(Caption-style text data)
BEGIN

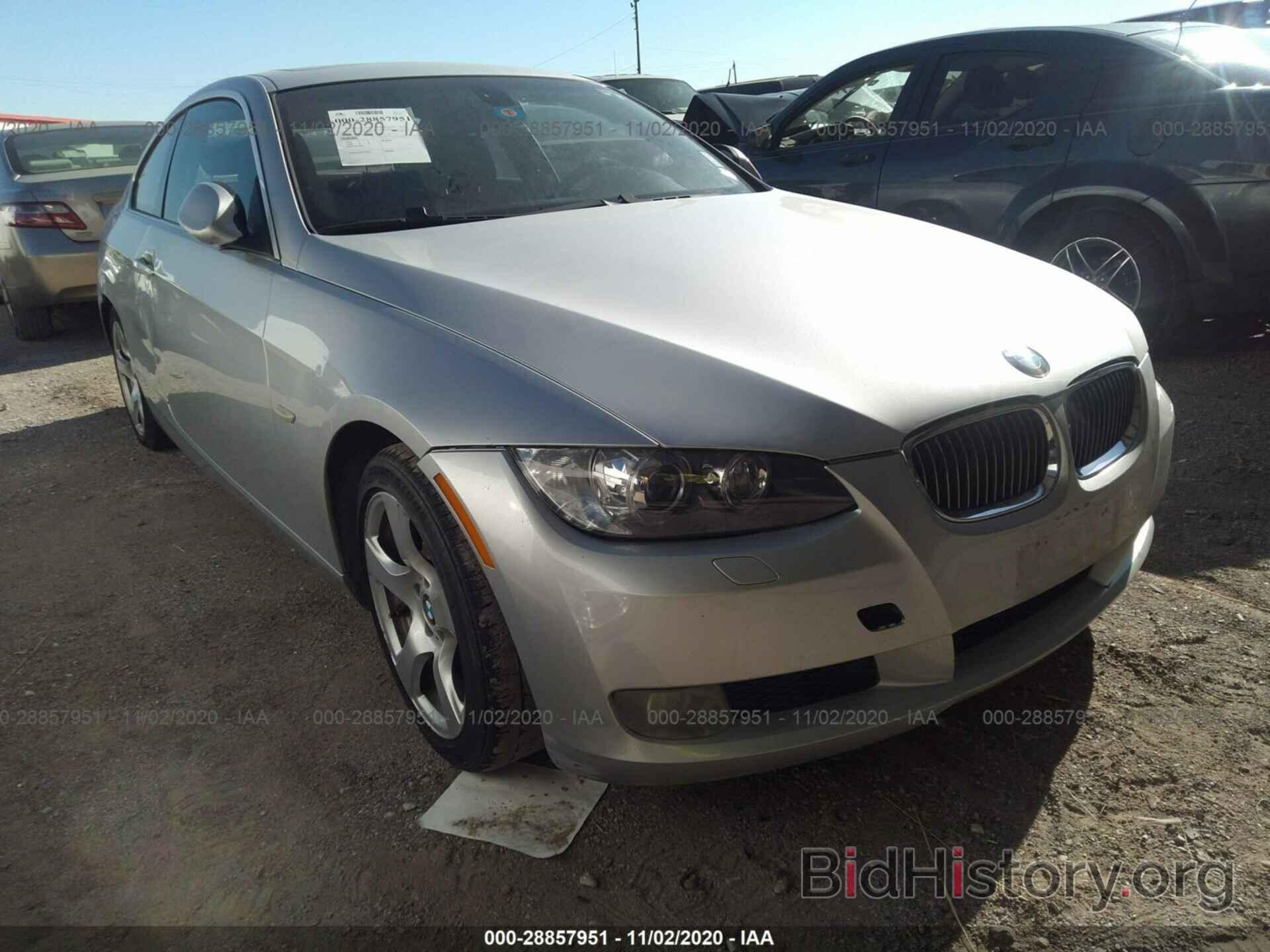 Photo WBAWV13597P117275 - BMW 3 SERIES 2007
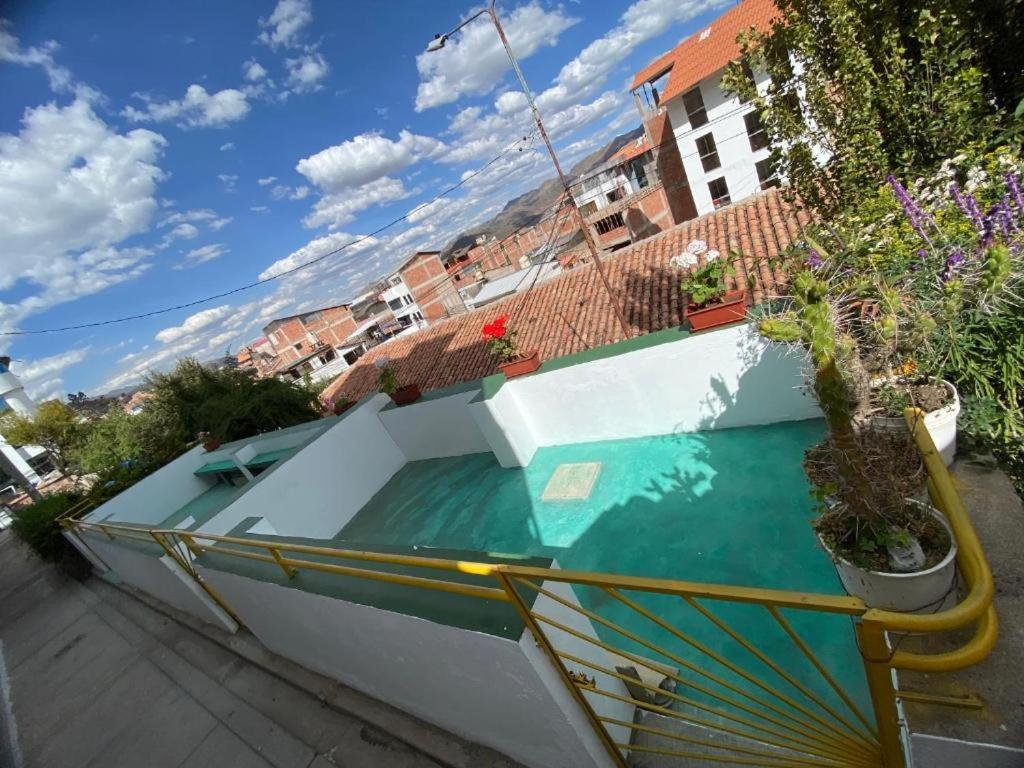una barca seduta sul lato di un edificio di BROTHERs HOUSE II a Cuzco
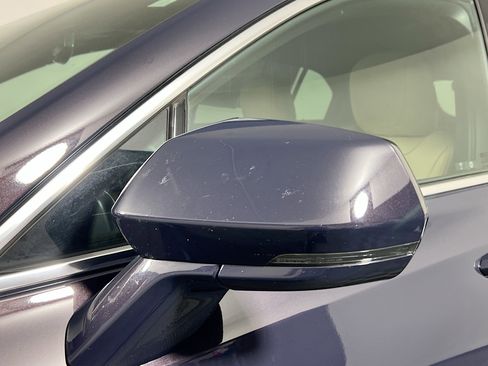 Used 2024 Cadillac XT4 Luxury image 12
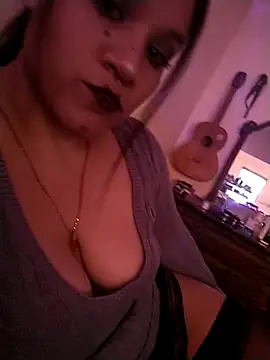 checheludo23 online show from 04.18.26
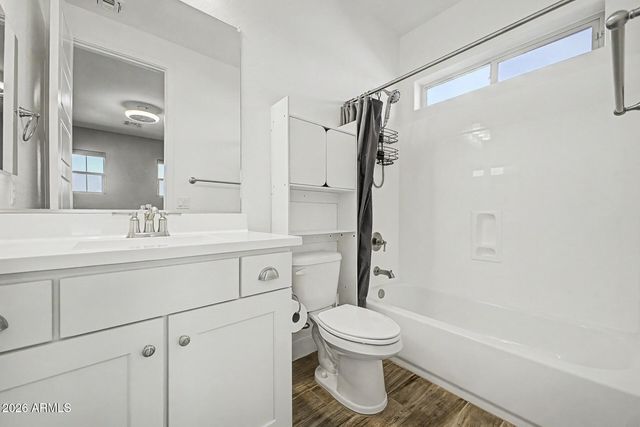 2144 E FLAMINGO Way E, Gilbert, AZ 85297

END

## Work instruction:
Where an image appears in the data, skip it, and return the rest verbatim.

## Your response:
 Photo WBAWV13597P117275 - BMW 3 SERIES 2007
una barca seduta sul lato di un edificio di BROTHERs HOUSE II a Cuzco
 Used 2024 Cadillac XT4 Luxury image 12
 checheludo23 online show from 04.18.26
 2144 E FLAMINGO Way E, Gilbert, AZ 85297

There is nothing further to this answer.